Columnar Database-MonetDB



Hey readers, recently I was exploring one of the databases offering MonetDB which is a columnar database available open source. As per the documentation, the database has very high read performance and works very well with the data rollups. Apart from this it also supports transactions and other features of transactional databases.
In this blog, I will be covering a few things that I learned while exploring the Database.
  1. Traditional Transactional DB
  2. NO SQL Databases
  3. Columnar Databases
  4. MonetDB
  5. Querying MonetDB using Python


Transactional Databases:

A decade ago the main purpose of databases was to store info and provide the information as and when required. The operations were mainly write heavy and information was stored in normalized form to avoid redundancy and maintain the integrity of information.
The most popular OLTP databases that we have in the market and widely used are :

  • Oracle
  • SQL Server
  • My SQL
There are many other opensource as well as community editions available in the market nowadays.
The core properties of these systems is ACID properties, if you have worked on databases you must be aware f these properties:
  1. Atomicity
  2. Consistency
  3. Isolation
  4. Durability
With time these systems have also developed and support a variety of features like horizontal and vertical scaling, JSON support, in memory operations, caching, fault tolerance, replication etc.

NO SQL Database:

With time the data has grown so much just for the fact over 80% of data that we have as of now is generated the in last 5 years for, obvious reasons like smartphones popularity, internet availability. Also, the data has gained to much importance that most of the businesses nowadays are built on top of data. You must have heard about the quote
Data is the New Oil
And to mine this oil we need some advanced systems which are built specifically for analytical querying.
Some of the examples for OLTP and OLAP querying are:

OLTP:

  • What is the current balance of a customer?
  • What was the last recharge of the customer?
  • Add a new customer
  • Update the phone number for a customer.

OLAP:

  • How many transactions of the amount greater than 5000 are done by the customer in last year?
  • How many new customers are added and have deposited over 10K in the last 3 years?
Can you see the visible difference in the queries?
In OLTP we are majorly working in 1 dimension but in the OLAP systems we are slicing and dicing the dimensions and working with multiple records. Also in OLAP queries, we are mostly reading the data and not updating it.

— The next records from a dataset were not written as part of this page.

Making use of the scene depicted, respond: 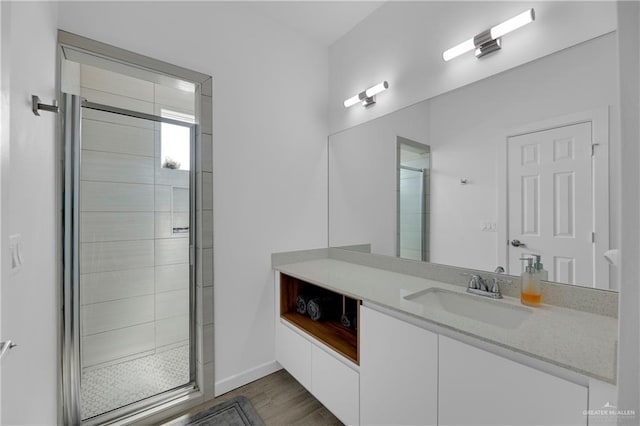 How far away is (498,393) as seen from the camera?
0.90 metres

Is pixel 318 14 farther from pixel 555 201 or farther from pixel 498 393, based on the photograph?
pixel 498 393

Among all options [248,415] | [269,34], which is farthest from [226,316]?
[269,34]

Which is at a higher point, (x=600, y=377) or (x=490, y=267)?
(x=490, y=267)

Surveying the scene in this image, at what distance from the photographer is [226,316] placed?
187cm

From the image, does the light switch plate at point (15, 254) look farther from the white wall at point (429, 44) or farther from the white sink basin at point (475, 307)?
the white wall at point (429, 44)

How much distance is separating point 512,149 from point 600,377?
1.04 meters

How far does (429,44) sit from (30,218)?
2.12 meters

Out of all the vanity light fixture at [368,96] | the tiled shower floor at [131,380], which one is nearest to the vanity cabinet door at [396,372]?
the tiled shower floor at [131,380]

To cater to these kinds of requirements advanced systems like Hadoop, InfluxDB, Postgres, MongoDB, MonetDB, Redis etc were built.
These systems come under the category of NoSQL databases. All these systems solve some specific data problems.

NOSQL Databases are categorized in 4 classes:
  1. Document Store
  2. Graph DB
  3. Key Value Store
  4. Columnar Stores

In this post, we will be discussing the 4th category i.e the columnar databases.

Columnar Stores:

The traditional systems store the information in row formats i.e the complete information for a record is stored together.
This is good when we fire OLTP queries where data is in normalized form and table have less number of columns and most of the columns are required in a query.
The information for a record is stored at the same memory block which makes it fat to access.

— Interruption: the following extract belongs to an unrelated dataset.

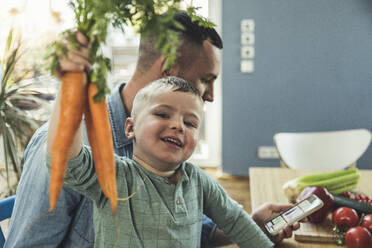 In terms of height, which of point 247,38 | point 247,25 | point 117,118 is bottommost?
point 117,118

But, it was realized that most of the OLAP queries revolve around very fewer columns and calculations like rollups, aggregations, sum etc are made in these columns.
Keeping these in mind and leveraging the concept of ROW major and COLUMN major that we have in matrices the Column stores were built.

Instead of keeping a complete row together ColumnStores store same column data together in one memory block.
This helps in faster access to large no. of rows which in turn helps in speeding up the calculations.

MonetDB:

As per the documentation:
MonetDB pioneered column-store solutions for high-performance data warehouses for business intelligence and eScience since 1993. It achieves its goal by innovations at all layers of a DBMS, e.g. a storage model based on vertical fragmentation, a modern CPU-tuned query execution architecture, automatic and adaptive indices, run-time query optimization, and a modular software architecture. It is based on the SQL 2003 standard with full support for foreign keys, joins, views, triggers, and stored procedures. It is fully ACID compliant and supports a rich spectrum of programming interfaces (JDBC, ODBC, PHP, Python, RoR, C/C++, Perl).

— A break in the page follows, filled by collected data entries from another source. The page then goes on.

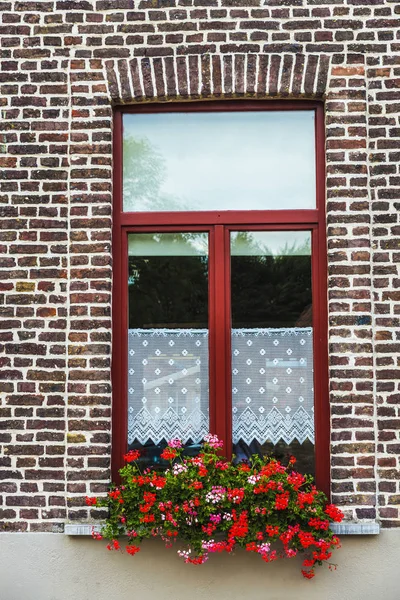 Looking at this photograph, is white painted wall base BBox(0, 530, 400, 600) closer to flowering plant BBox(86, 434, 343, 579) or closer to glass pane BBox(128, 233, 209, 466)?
flowering plant BBox(86, 434, 343, 579)

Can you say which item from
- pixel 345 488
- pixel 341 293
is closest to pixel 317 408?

MonetDB is the focus of database research pushing the technology envelop in many areas. Its three-level software stack, comprised of SQL front-end, tactical-optimizers, and columnar abstract-machine kernel, provide a flexible environment to customize it many different ways. A rich collection of linked-in libraries provide functionality for temporal data types, math routine, strings, and URLs. In-depth information on the technical innovations in the design and implementation of MonetDB can be found in our science library

Other features can be explored on its site.

My Experience with MonetDB:

I had a huge MongoDB database of tweets and news and it is becoming very difficult to get the performance evening after many optimization techniques that we have used.
Exploring out options we decided to explore MonetDB for our problems.

MonetDB is supported in all major operating systems and it was very easy to install it on my Ubuntu 14.04 . Steps to install the Database are mentioned here.

After installing the database it was a bit difficult to understand the environment and get used to it due to very fewer resources available for it.
There is a concept of DB Farm which is a collection of different databases which can be started and stopped independently.
An Example to build a db farm and a database in it is:
shell> monetdbd create /path/to/mydbfarm
shell> monetdbd start /path/to/mydbfarm
shell> monetdb create voc
shell> monetdb release voc
shell> mclient -u monetdb -d voc
password:<monetdb>
Welcome to mclient, the MonetDB/SQL interactive terminal (Oct2014-SP1)
Database: MonetDB v11.19.7 (Oct2014-SP1), 'mapi:monetdb://localhost:50000/voc'
Type \q to quit, \? for a list of available commands
auto commit mode: on
sql>SELECT 'hello world';
+---------------+
| single_value  |
+===============+
| hello world   |
+---------------+
1 tuple (0.530ms)
sql>\q
Getting started tutorial can be found here.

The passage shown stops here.